We know you’ve got a few days off over the holidays, so give us a big present and help us test! Don’t forget that jQuery 1.x supports IE 6/7/8 and jQuery 2.x does not. In other ways the two versions should echo the same feature sets, so it should be possible to switch between the two without too much trouble.

Notable changes

Asynchronous Module Definition (AMD): jQuery components are now built with AMD. jQuery has supported having the library itself loaded by an AMD loader ever since version 1.7. Now, we’re using AMD internally as well, replacing our old modular build system. If you want to know more, see the README file.

Published on npm: The 2.x branch of this beta and all our future 2.x releases will be published on npm so that you can use it with node or packages like browserify. If you want to install the beta, you can use npm install jquery@2.1.0-beta3.

Still to come: No global for the npm version: After polling potential npm/browserify users, we have decided to keep the global namespace clean and not to expose the jQuery global in these situations. Instead, you can do it yourself with window.jQuery = window.$ = require("jquery").
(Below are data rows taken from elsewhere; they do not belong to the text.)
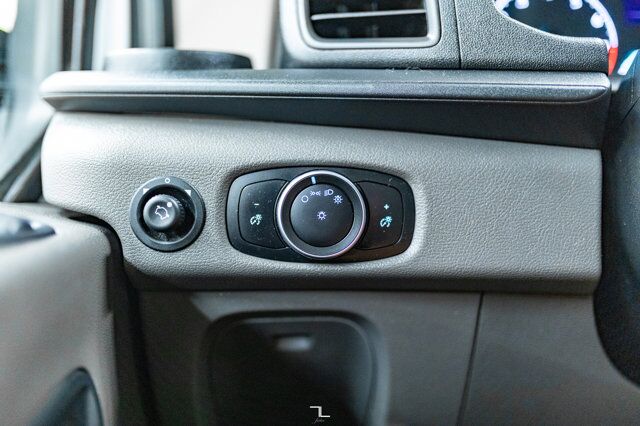 2020 Ford Transit T-150 AWD Cargo Van BCam Red Deer AB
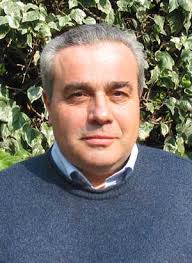 Bennati (Pdl): "Marisa sarà sempre nel cuore di tutti noi volontari"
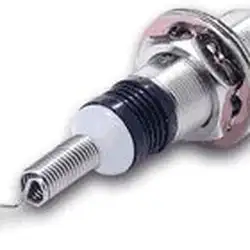 Концевой выключатель Omron D5B-1511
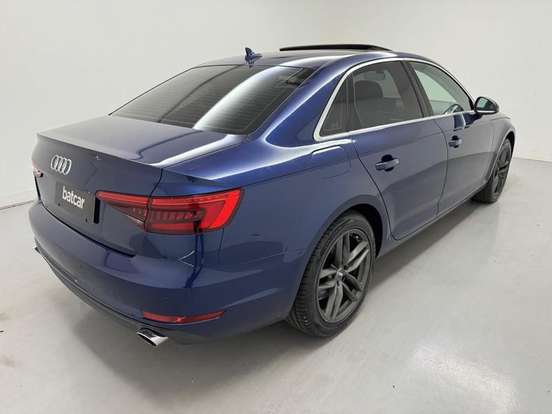 AUDI-A4-2015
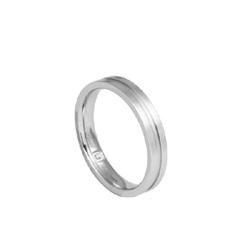 Prsten Diamond Briliant Line GRSD28-BRIL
That ticket didn’t make it into the beta, but you should assume you’ll need to set it yourself.

Performance: Our new “lazy feature detects” reduce the startup time for the library, which is especially good for mobile devices. If you never call the API, you never even need to run that code! We also found and removed some situations where jQuery unnecessarily forced a page layout to occur.

Bug fixes: Lots and lots of bug fixes are in this release, including several to ensure the latest versions of browsers like IE11 work smoothly and eliminate console warnings in Chrome. Many fixes are shared across both versions. You can see the complete changelog below.

Breaking changes: None! We’re committed to making this an easy update for you if you already did an upgrade to 1.9+ or are using the jQuery Migrate plugin. So don’t be a chicken, test this beta!

Release Notes

Twas the week before Christmas, when all through the house
Not a creature was stirring, not even a mouse.
The code was checked by the team with such care,
In hopes that a new beta soon would be there.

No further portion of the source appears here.